> Your objective
Your response to the data below should hold nothing except the lines from the one containing "Hotel Ekies All" down to the one containing "Resale - Villa - Mijas - Riviera del Sol", reproduced exactly and without pictures.

> Supplied entries
···
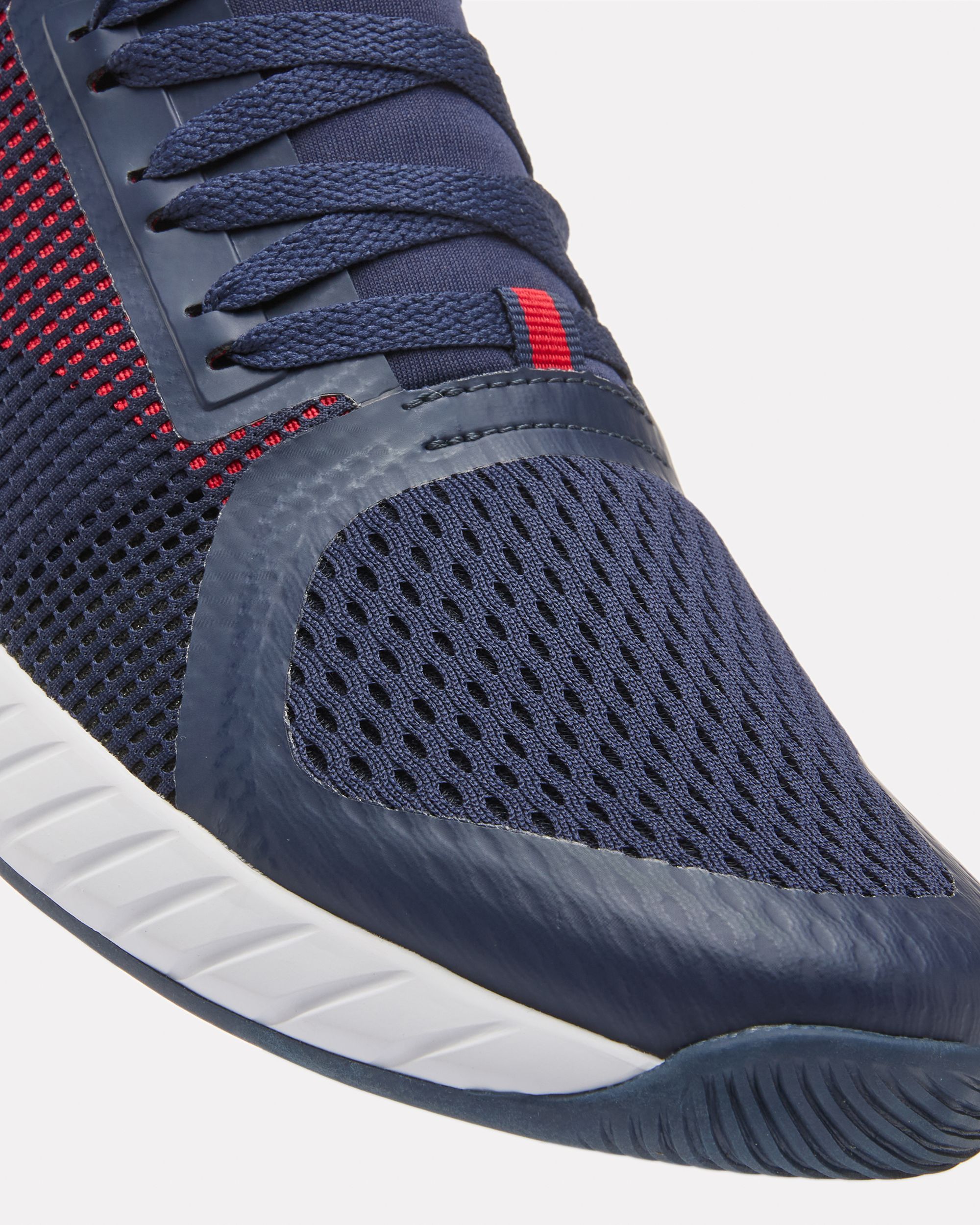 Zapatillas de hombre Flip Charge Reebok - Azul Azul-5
···
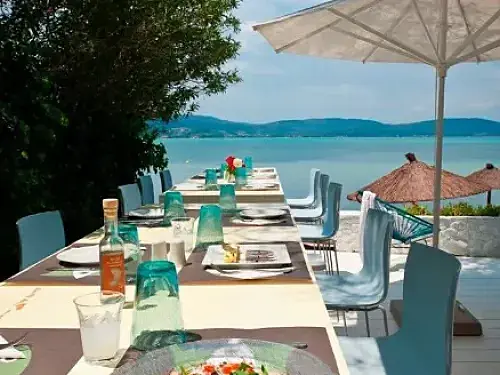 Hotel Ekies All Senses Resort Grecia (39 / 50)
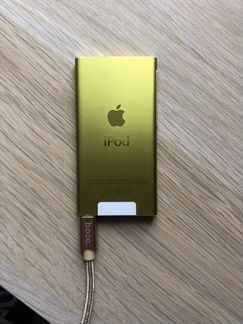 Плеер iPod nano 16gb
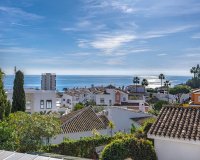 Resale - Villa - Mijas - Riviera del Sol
···
> Output for this task
 Hotel Ekies All Senses Resort Grecia (39 / 50)
 Плеер iPod nano 16gb
 Resale - Villa - Mijas - Riviera del Sol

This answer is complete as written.